Question
I am interested in solving for $u : S^1 \to S^1$ given the following ODE, where $v : S^1 \to S^1$ is a given continuous function:
$$u'' = -A\cos(u-v) \tag{$\dagger$}$$
Is there any hope of an analytic solution? Can anything be said about the behavior of the solution as $A$ varies? If it helps, I have $\int_{S^1} \cos[v(\theta)]\ d\theta = \int_{S^1} \sin[v(\theta)]\ d\theta = 0$.
Background
I've been interested in crystalline and anisotropic mean curvature flows, along the line of the work of Novaga and Chambolle, e.g. https://onlinelibrary.wiley.com/doi/abs/10.1002/cpa.21668
My actual problem is more involved and three-dimensional, but to build intuition I've been trying to think about the following two-dimensional simplification.
Consider a curve $\gamma:S^1 \to \mathbb{R}^2$, which for simplicity we can take to be arclength-parameterized with arc length $2\pi$. Let us write $\gamma'(\theta) = [\cos(v[\theta]), \sin(v[\theta])]$. I want to study sections of the bundle of directors $\hat{m}(\theta) \in S^1$ along the curve: I want these directors to approximate the orientation of the curve normal, while also behaving more smoothly near regions of sharp curvature.
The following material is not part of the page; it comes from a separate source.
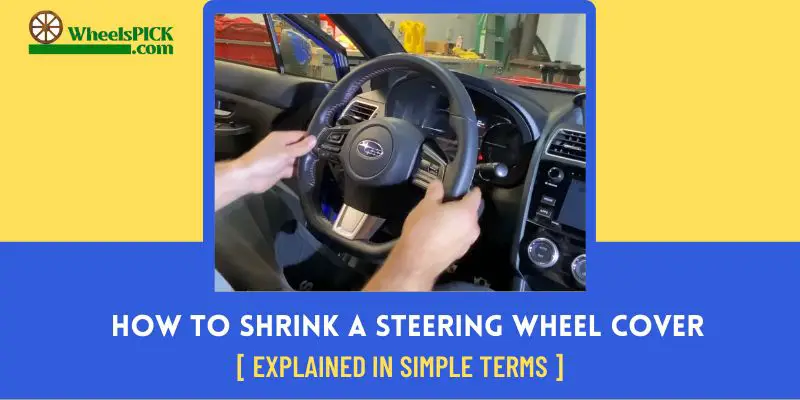 How to Shrink a Steering Wheel Cover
Let $\hat{n}(\theta) = [-\sin(v[\theta]), \cos(v[\theta])]$ denote the curve normal at $\theta$; I would like to look at minimizers of the functional $$E(\hat m) = \int_{S^1} \left(\frac{1}{2}\left\|\hat{m}'(\theta)\right\|^2 + \frac{A}{2} \left\|\hat m(\theta) - \hat n(\theta)\right\|^2\right)\,ds$$ where the real constant $A$ controls the relative importance of smoothness vs adapting to the curve normal.
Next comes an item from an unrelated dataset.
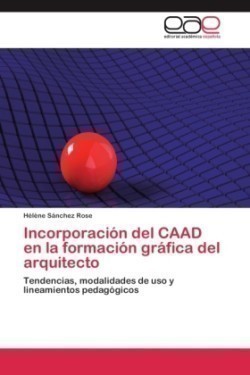 Incorporación del CAAD en la formación gráfica del arquitecto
Applying the calculus of variations, we have that an extremizer $\hat{m}^*(\theta) = [\cos u^*(\theta), \sin u^*(\theta)]$ of $E$ satisfies the ODE $(u^*)''(\theta) = -A\cos[u^*(\theta) - v(\theta)]$, where $v: S^1\to S^1$ is prescribed by the choice of $\gamma$. And we know that $\int_{S^1} \cos[v(\theta)]\ d\theta = \int_{S^1} \sin[v(\theta)]\ d\theta = 0$, since the curve $\gamma$ is closed. Hence my question.
My eventual goal is to take variations of $E(\hat{m}^*)$ with respect to $\gamma$ to flow the curve, so an analytic solution to the ODE ($\dagger$) would be very helpful.
Some trivial observations: $E(\hat{m}^*)$ is bounded above by on the one hand $A\pi$, and on the other hand, $\int_{S^1} \kappa(\theta)^2\,ds$ (where $\kappa(\theta)$ is the curvature at $\theta$), for a constant director field, and $\hat m = \hat n$, respectively.
For arbitrary $v$? No, no hope. For certain specific $v$, yes. In fact, let $U(\theta)$ be any twice-differentiable function with $|U''/A|< 1$ and take $v(\theta) = U(\theta) + \arccos(U''/A)$, and $U(\theta)$ will be a solution.